Most brands have such tagged bags but they only really figure largely in catering type scenarios such as trains, and hotel rooms. The ones on our site are various one off promotional ones and I suppose they like the tag as it adds branding.

So really the only advice I can offer is to start taking teaspoons more seriously.


Rachel Pearce
Chocolate


HobNob Review
Nicey replies: Yours is not the only message we have had about this, and indeed I was unable to find any when I last visited a Sainsbury's. Given the steadfast following that it enjoys it is a mystery as to why its failing to grace many a supermarket shelf. I'm assuming the demand is there, I don't imagine there is a problem with supply so I'm as perplexed as you.

Finnbar


Jacob's Orange Club Review
Nicey replies: I used to use one of those binocular microscopes as a student to do insect dissections. I remember a fairly gross incident with a cockroach where its head, which I had been instructed to remove, crawled back into my field of view using its antennae. As I recall I spent the rest of the practical in the tea room dissecting a Jacob's Orange Club biscuit instead.

Anyhow sounds like you had a dream job there, although I'm not sure whose dream it was.


Rew Reynolds
Tea


McVities Milk Chocolate Digestive Review
Nicey replies: Mr Rew,

These are common problems faced by most office workers. The problem is the basic conflict between peoples individual preferences in tea and the need some people seem to have for their tea to be made for them. Personally I've always found large tea rotas to be a pain. As you point out the tea is often made by people with odd and unpalatable personal tea habits. Sometimes there is a tendency for too many cups of tea to made if the rota is large as people just like the excuse to slope off for a while on the pretence of performing the altruistic task of tea making.

I've always suspected that those who most vocally insist that everybody makes cups of tea for everybody else are in-fact missing the attention of their parents who probably waited on them hand and foot for years.

I've always preferred making my own tea, rather than having some teabag squeezer or too-much-milk type forcing some dreadful brew upon me. A small select micro-rota of no more than three people with those who I actually like and have trained to make tea correctly to my specifications is about as for it goes for me.

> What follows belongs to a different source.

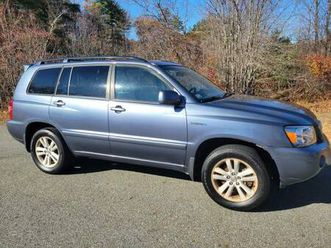 06 hybred highlander awd uber or lyft 4u? 7pass a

As for the biscuits this too is sadly inevitable. You'll need to tell everyone in no uncertain terms that they either take turns buying the biscuits or they can take a hike. They should respect your position on this one, and you'll have set the stage for you to dish out withering remarks about pinching biscuits to the transgressors, which should cheer you up.


Revd. Stephen Day
The FrenchHolidays


Cornish Fairings Review
Nicey replies: Hi Steve,

Thanks for the on the spot reporting on important Cornish biscuit matters. Lets hope they can sort it out.

We had a lovely time in France, no blisters although it may take some time to erase the psychological scaring of having to play mini-golf in torrential rain.